__EXERCISE DESCRIPTION__. Without any of the pictures, transcribe all the lines below exactly.

__INFORMATION PROVIDED__.
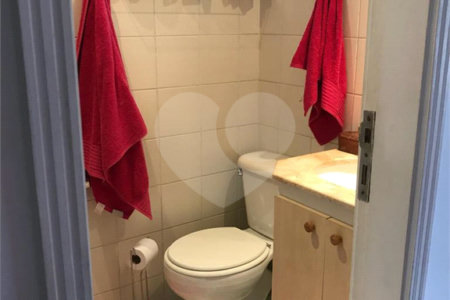 Apartamento de 2 quartos à venda na Aclimação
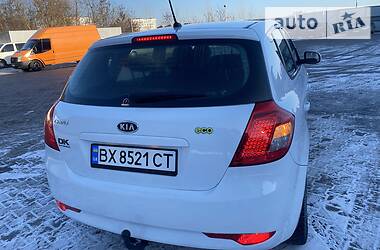 Хэтчбек Kia Ceed 2011 в Хмельницком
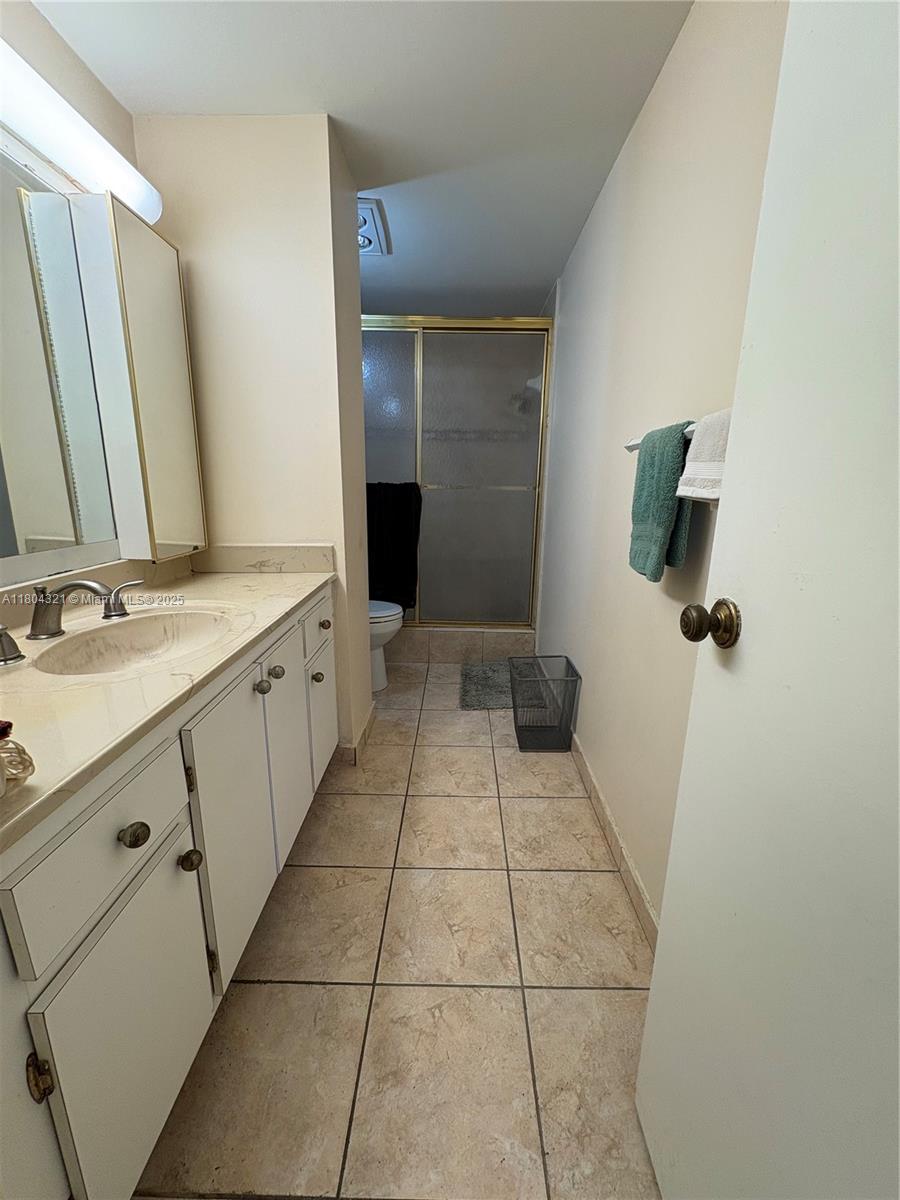 HILLCREST EAST NO 27 COND - Residential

__RESPONSE__.
 Apartamento de 2 quartos à venda na Aclimação
 Хэтчбек Kia Ceed 2011 в Хмельницком
 HILLCREST EAST NO 27 COND - Residential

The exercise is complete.